Wednesday, August 17, 2016

On the Evils of Hodrick-Prescott Detrending

[If you're reading this in email, remember to click through on the title to get the math to render.]

Jim Hamilton has a very cool new paper, "Why You Should Never Use the Hodrick-Prescott (HP) Filter".

Of course we've known of the pitfalls of HP ever since Cogley and Nason (1995) brought them into razor-sharp focus decades ago.  The title of the even-earlier Nelson and Kang (1981) classic, "Spurious Periodicity in Inappropriately Detrended Time Series", says it all.  Nelson-Kang made the spurious-periodicity case against polynomial detrending of I(1) series.  Hamilton makes the spurious-periodicity case against HP detrending of many types of series, including I(1).  (Or, more precisely, Hamilton adds even more weight to the Cogley-Nason spurious-periodicity case against HP.)

But the main contribution of Hamilton's paper is constructive, not destructive.  It provides a superior detrending method, based only on a simple linear projection. 

Here's a way to understand what "Hamilton detrending" does and why it works, based on a nice connection to Beveridge-Nelson (1981) detrending not noticed in Hamilton's paper.  

First consider Beveridge-Nelson (BN) trend for I(1) series.  BN trend is just a very long-run forecast based on an infinite past.  [You want a very long-run forecast in the BN environment because the stationary cycle washes out from a very long-run forecast, leaving just the forecast of the underlying random-walk stochastic trend, which is also the current value of the trend since it's a random walk.  So the BN trend at any time is just a very long-run forecast made at that time.]  Hence BN trend is implicitly based on the projection: \(y_t ~ \rightarrow ~ c, ~ y_{t-h}, ~...,~ y_{t-h-p} \), for \(h \rightarrow \infty \) and \(p \rightarrow \infty\).

Now consider Hamilton trend.  It is explicitly based on the projection: \(y_t ~ \rightarrow ~ c, ~ y_{t-h}, ~...,~ y_{t-h-p} \), for \(p = 3 \).  (Hamilton also uses a benchmark of  \(h = 8 \).)

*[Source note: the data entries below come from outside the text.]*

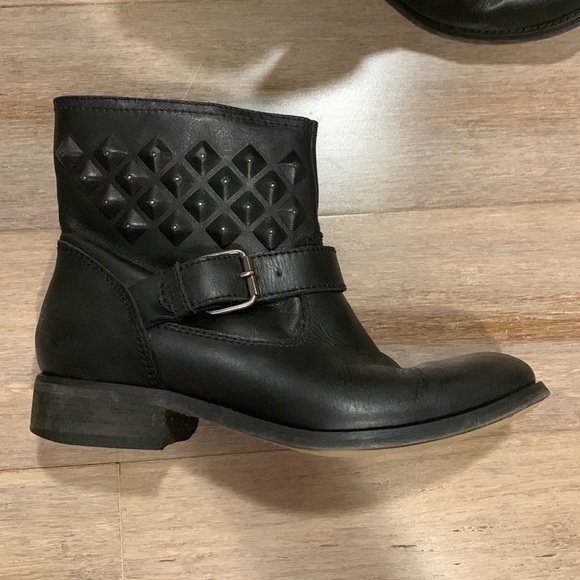 𝅺Shoestock ankle black leather boot with buckle and zipper  size 6 gently used. - Picture 5 of 15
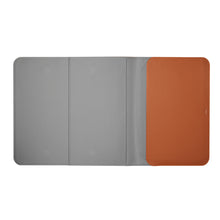 Laden Sie das Bild in den Galerie-Viewer, product_closeup|Orbitkey Hybrid Laptop Sleeve 16”, Terracotta
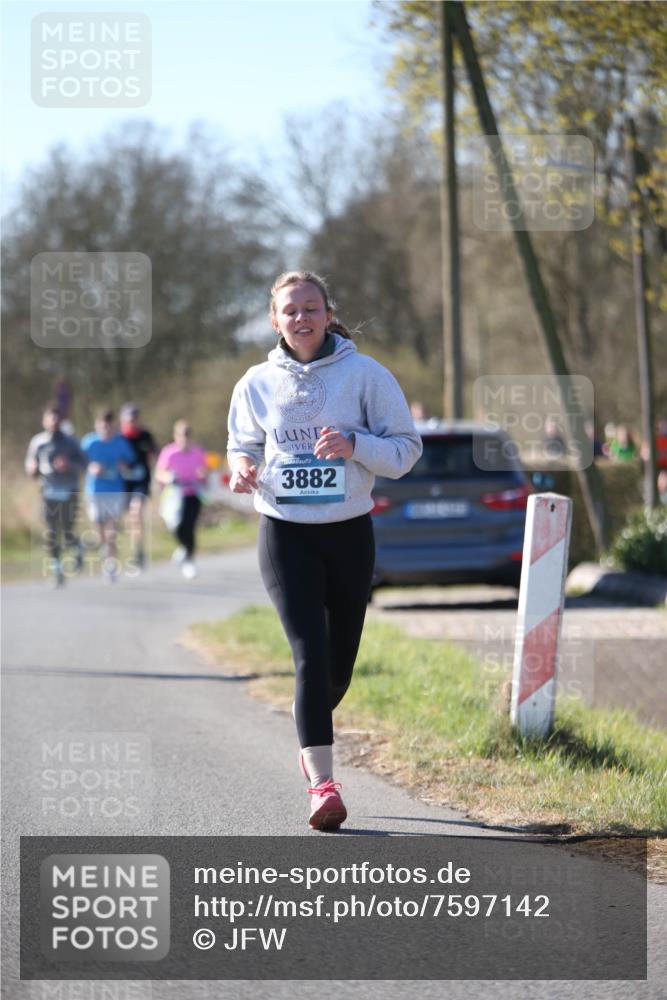 06.04.2025 - 44. Internationalen Wilhelmsburger Insellauf Jannik Wohlers http://msf.ph/oto/7597142 06.04.2025 10:36:03 Laufen 3882 meine-sportfotos.de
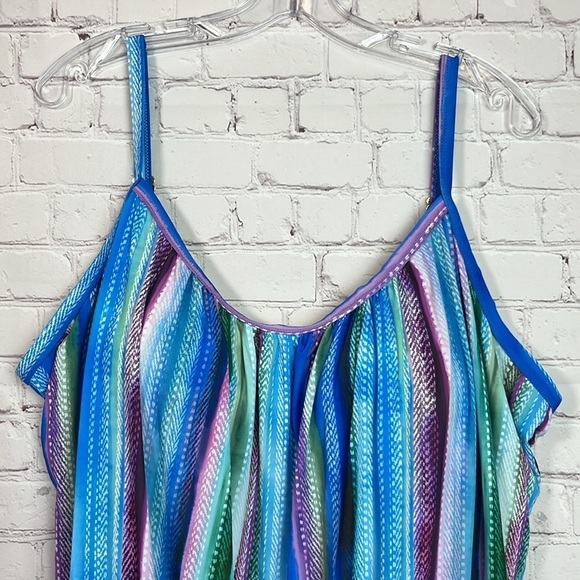 Swimsuits for All Lightweight Scoop Neck Striped Blouson Tankini Top - Picture 4 of 13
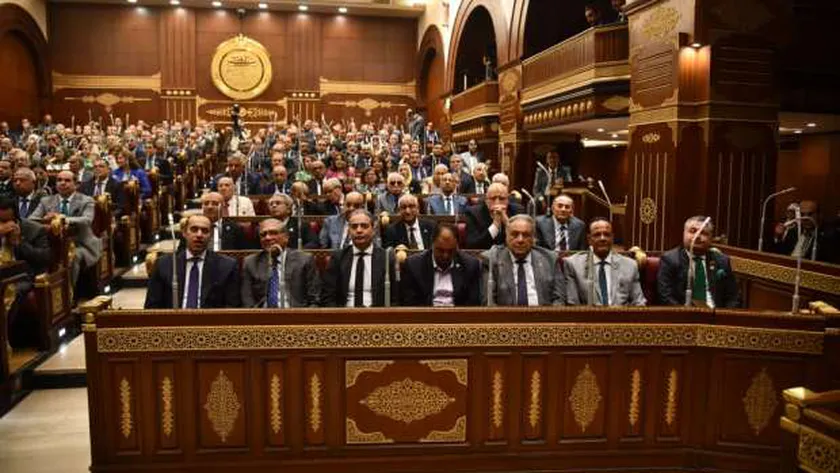 امتيازات وعلاوات تنتظر العمال في 2025.. تكليف رئاسي بإصدار قانون العمل الجديد
| يلا شوت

So BN and Hamilton are both "linear projection trends", differing only in choice of \(h\) and \(p\)!  BN takes an infinite forecast horizon and projects on an infinite past.  Hamilton takes a medium forecast horizon and projects on just the recent past.

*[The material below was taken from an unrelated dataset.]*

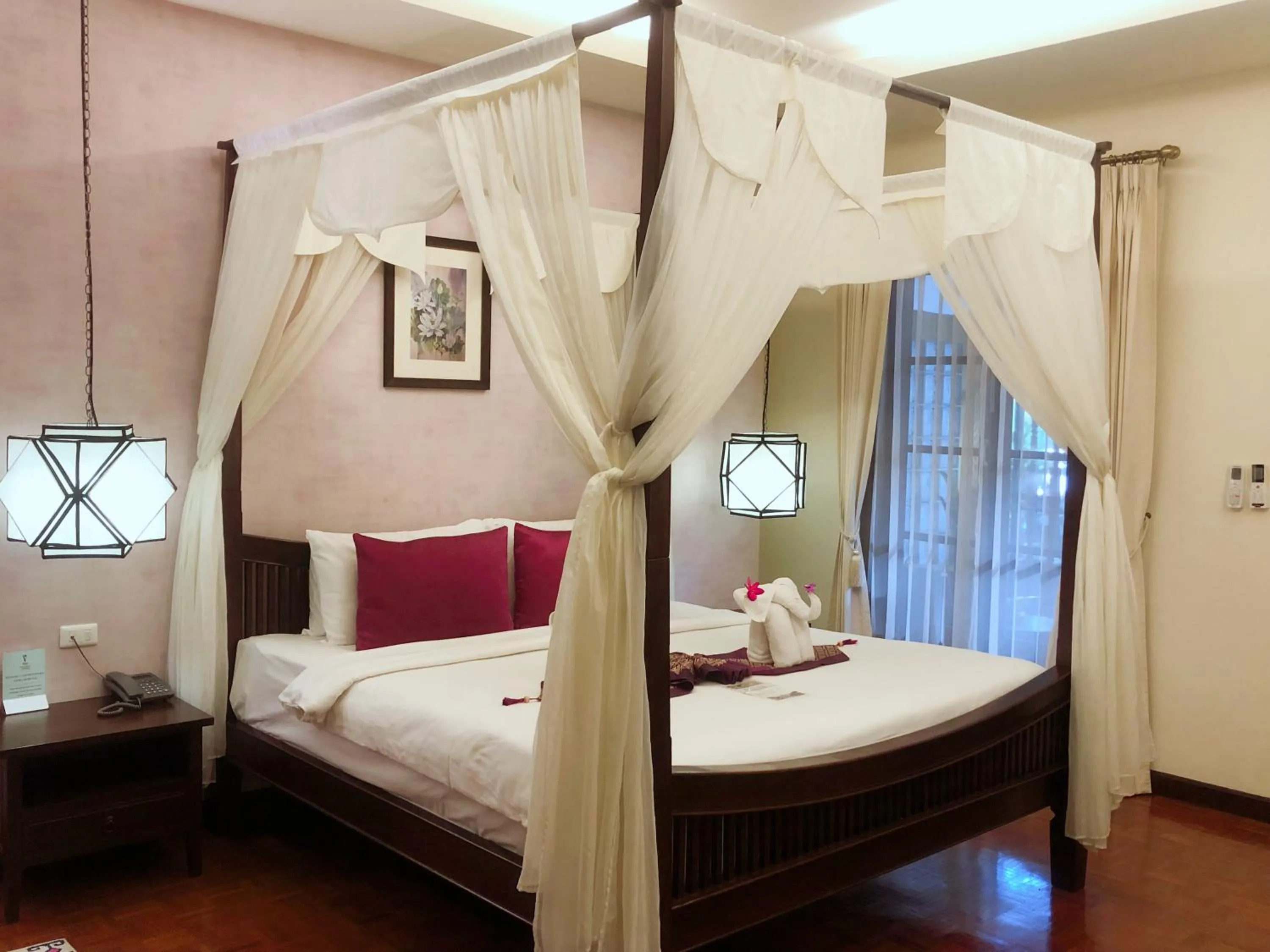 Bed in Vdara Pool Resort Spa Chiang Mai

Much of Hamilton's paper is devoted to defending the choice of \(p = 3 \), which turns out to perform well for a wide range of data-generating processes (not just I(1)).  The BN choice of \(h = p = \infty \), in contrast, although optimal for I(1) series, is less robust to other DGP's.  (And of course estimation of the BN projection as written above is infeasible, which people avoid in practice by assuming low-ordered ARIMA structure.)